Archive for the 'quaint' Category

Dunkin’ Donuts Kitsch

October 28, 2009

Thanks to Julia, Lauren and Jenn for the good discussion this morning.  With the unforeseeable demise of our coffee shop, we moved to the outdoor Dunkin’ Donuts populated with students, sunshine and the radio.  Hopefully next time we can secure a place with less distractions.

dunkindonutsI guess it makes sense in a way to be talking about deliciousness and kitsch in the Dunkin’ Donuts.  I am so glad to have Lauren and Jenn join in on the discussion because it brings multiple perspectives and I believe our text to be related to all of our artworks.  I am a little sad to have finished the discussion of Harris’ book.  I really love this text and I think that it is very influential to me.  I enjoyed our discussion of bathing today as related to Harris’ chapter on cleanness.  The sexuality of the bath as a preparation for sexual acts in old advertising transforms into the bath as a place of escape from the hectic world of the modern woman.  “You deserve it!”  “Calgon, Take me away!”

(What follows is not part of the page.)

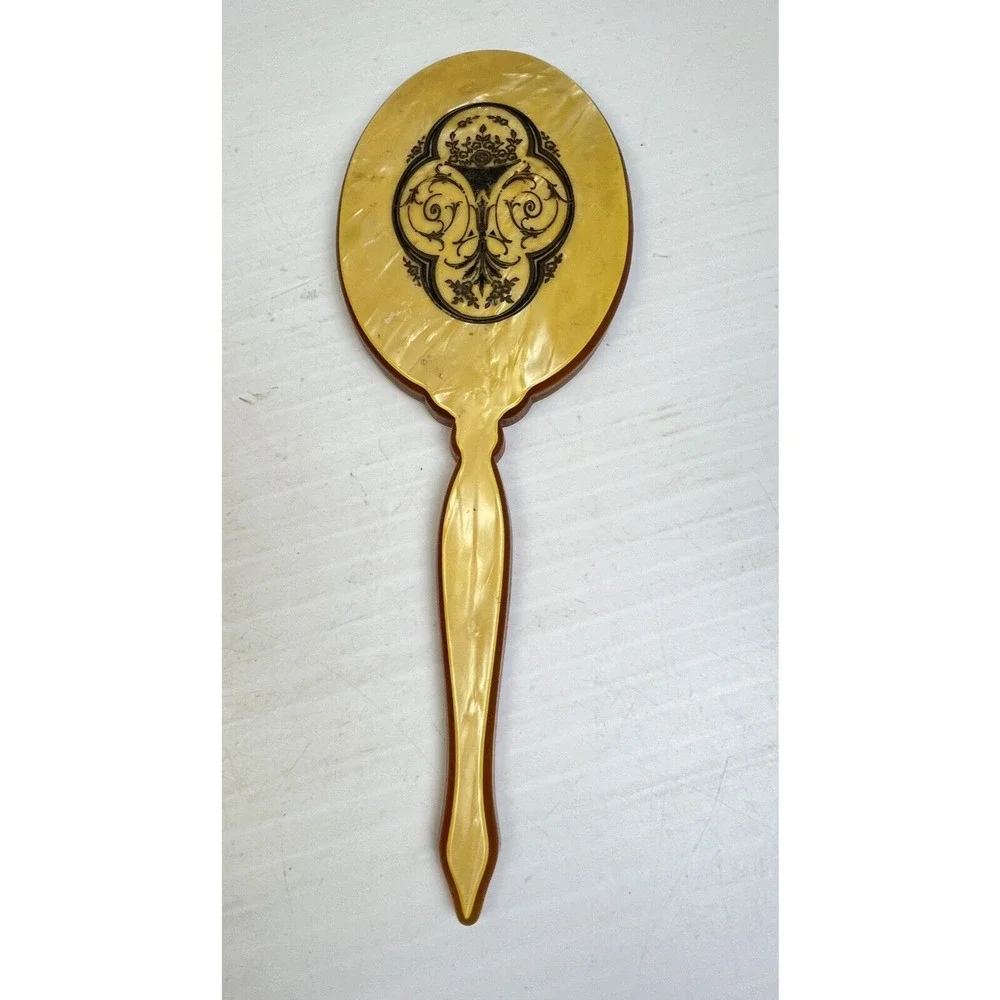 Vintage Vanity Set Brush Mirror Nail File Shoe Horn & Hook Bakelite Glamour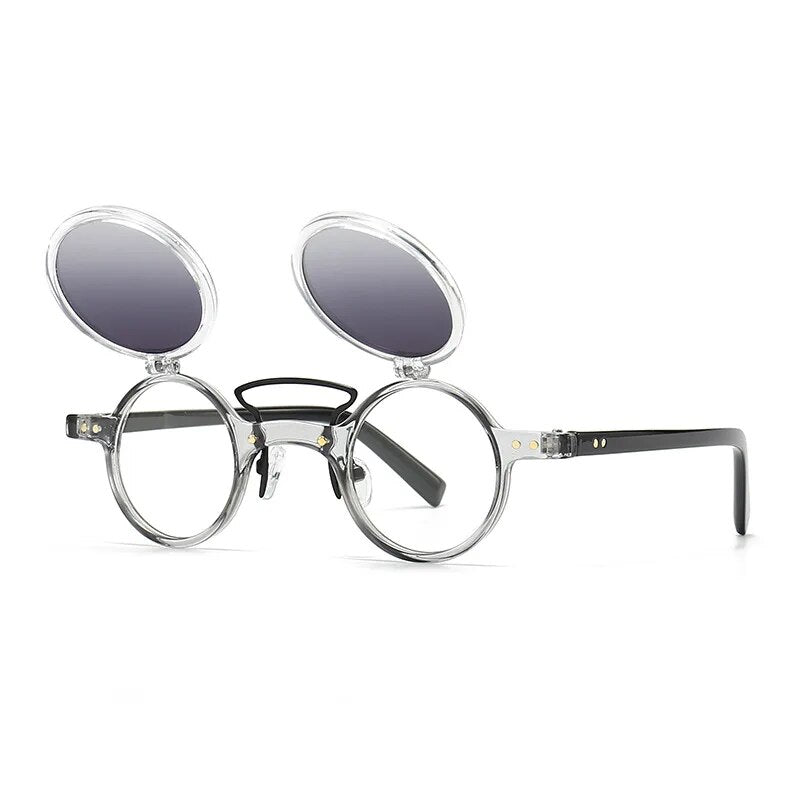 CCspace Unisex Full Rim Small Round TR90 Reading Glasses R57037 - Lightweight & Durable Eyewear for Reading, Office Work, and Daily Use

3952216088_cf257d6de0The trend in advertising to acknowledge the distrust of the consumer is something that we discussed through the example of the Dove commercials now circulating the claim of showcasing real beauty.  We talked about the dual ad for Dove and Wal-Mart that uses the “Ears hang low”song which lead into the interesting topic of the real or authentic.  From there we got into a discussion of modernism versus relational aesthetics.  All in all I think it was a good ending for our discussion of Harris’ book.  I think that the ideas and aesthetics in this book will stick with me.  I know that I will return to it and relate it to future readings.  We have decided to take a break next week and then return to discuss texts by Adorno and Greenberg.

Sweeney Todd

October 24, 2009

Julia and I met to watch ‘Sweeney Todd: The Demon Barber of Fleet Street’.  The film was a musical, which neither of us had realized it was going to be.  I knew that it was a film adaptation of a Broadway musical, but I had no idea that the film was also going to be a musical.  I figured that it was going to be a version of the story with no songs.  The songs were okay, but I think that it would have functioned better without them.  It was a little jarring when the characters began to sing.  The songs seemed really conventional, flat and ordinary compared to the aesthetics of the film.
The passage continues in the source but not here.